3.4. Relationship between antimicrobial and HLB of ginsenosides HLB values of ginsenosides are listed in Table 3, together with chemical specifications. The aglycone of ginsenosides PPD and PPT showed low HLB values of 1.3 and 1.2, respectively. Interestingly, the HLB value was reduced when there was only one sugar bond, because the loss of free hydroxyl groups and the increase in sorbitol contributed more lipophilicity to the calculation. Rk3, Rh2, had HLB values of 1.15, 1.15, -0.75, respectively. Then, as the number of sugar chains increases, the HLB value also becomes higher. Re, Rb1, Rb2 had HLB values of 4.15, 3.475, 3.475, respectively. Correlation analysis shows that HLB is associated with antimicrobial activity (p < 0.01). The relationship was illustrated with two typical microorganisms panels on Fig. 2. Curve estimation (cubic) used for the relation were collected from the data of twenty one ginseng saponins (n = 21). The best fitting for regression line formulas were calculated as follows; the MIC of F. nucleatum R2 = 0.747, the MIC of B. cereus R2 = 0.544. This result is superior to the model in which the HLB value of soyasaponins affects the adjuvant effect (Oda et al., 2003).
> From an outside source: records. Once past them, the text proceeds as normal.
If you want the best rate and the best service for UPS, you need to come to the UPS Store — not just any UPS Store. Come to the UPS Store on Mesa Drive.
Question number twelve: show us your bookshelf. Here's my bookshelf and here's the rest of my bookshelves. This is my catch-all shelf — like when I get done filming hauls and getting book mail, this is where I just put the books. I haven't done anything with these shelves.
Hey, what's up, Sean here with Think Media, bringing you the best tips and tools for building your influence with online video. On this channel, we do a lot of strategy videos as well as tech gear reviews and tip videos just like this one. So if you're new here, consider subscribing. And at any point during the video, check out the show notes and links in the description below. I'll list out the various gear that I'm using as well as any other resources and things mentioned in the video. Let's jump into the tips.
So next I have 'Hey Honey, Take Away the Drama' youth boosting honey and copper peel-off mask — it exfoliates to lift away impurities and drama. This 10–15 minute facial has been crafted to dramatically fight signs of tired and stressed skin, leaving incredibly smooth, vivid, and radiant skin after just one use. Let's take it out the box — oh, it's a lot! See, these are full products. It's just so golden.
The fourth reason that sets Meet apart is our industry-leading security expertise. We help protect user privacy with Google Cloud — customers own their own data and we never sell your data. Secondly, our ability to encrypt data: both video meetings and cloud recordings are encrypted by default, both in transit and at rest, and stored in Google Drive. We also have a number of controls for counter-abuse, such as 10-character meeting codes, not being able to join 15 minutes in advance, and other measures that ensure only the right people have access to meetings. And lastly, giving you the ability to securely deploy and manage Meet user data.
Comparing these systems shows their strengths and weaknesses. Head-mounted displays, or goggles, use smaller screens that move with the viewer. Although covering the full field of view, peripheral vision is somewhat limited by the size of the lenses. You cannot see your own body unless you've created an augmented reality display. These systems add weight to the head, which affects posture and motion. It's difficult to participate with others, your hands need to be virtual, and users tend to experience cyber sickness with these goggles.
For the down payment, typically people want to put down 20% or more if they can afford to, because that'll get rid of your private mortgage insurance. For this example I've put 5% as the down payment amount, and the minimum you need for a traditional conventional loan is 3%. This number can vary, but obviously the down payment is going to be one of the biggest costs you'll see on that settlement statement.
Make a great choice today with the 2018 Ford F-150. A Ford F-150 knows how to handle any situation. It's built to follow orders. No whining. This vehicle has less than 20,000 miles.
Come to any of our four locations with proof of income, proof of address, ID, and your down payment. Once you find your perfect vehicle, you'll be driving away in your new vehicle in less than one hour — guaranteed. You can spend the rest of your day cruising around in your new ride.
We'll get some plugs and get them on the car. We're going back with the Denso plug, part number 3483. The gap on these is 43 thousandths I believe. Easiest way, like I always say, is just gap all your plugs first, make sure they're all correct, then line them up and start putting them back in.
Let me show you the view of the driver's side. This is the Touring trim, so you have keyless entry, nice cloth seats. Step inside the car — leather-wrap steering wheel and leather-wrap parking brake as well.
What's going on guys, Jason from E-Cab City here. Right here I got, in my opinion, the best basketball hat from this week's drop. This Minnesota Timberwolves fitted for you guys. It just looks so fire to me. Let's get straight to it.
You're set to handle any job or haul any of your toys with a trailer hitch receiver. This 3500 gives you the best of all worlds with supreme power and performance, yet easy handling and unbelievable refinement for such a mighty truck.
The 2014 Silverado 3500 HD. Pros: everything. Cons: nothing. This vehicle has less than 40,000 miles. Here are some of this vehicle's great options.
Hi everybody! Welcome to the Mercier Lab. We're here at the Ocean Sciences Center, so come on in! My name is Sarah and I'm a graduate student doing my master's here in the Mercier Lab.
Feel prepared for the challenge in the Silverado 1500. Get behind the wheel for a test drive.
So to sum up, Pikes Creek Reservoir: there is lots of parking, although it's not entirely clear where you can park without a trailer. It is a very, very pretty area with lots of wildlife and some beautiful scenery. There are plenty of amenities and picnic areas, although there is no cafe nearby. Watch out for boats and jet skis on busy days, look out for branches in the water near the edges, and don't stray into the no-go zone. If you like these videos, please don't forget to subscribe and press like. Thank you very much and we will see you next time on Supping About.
The saponin compound possesses both a hydrophilic group and a lipophilic group, and thus exhibits surfactant-like characteristics. Based on this, the saponin can reduce the surface tension in the aqueous solution, and forms micelles when the critical micelle concentration is reached, so that the biological macromolecule undergoes certain structural changes (Bo et al., 2012; Chavarha et al., 2010). For eukaryotic cell membranes (cells, fungi), saponins can be linked to sterols on their surface, causing perforation and rupture of its cell membrane, eventually leading to the collapse of the biofilm system (Bo and Melzig, 2013). This may be why the HLB value affects the inhibition of microbial activity by ginsenosides. The less polar ginsenosides have a certain inhibitory effect on fungi, Gram-negative bacteria and Grampositive bacteria. According to the antimicrobial activity results and the relationship between HLB, these two kinds of bacteria (F. nucleatum and B. cereus) were further selected as a mechanism to explore.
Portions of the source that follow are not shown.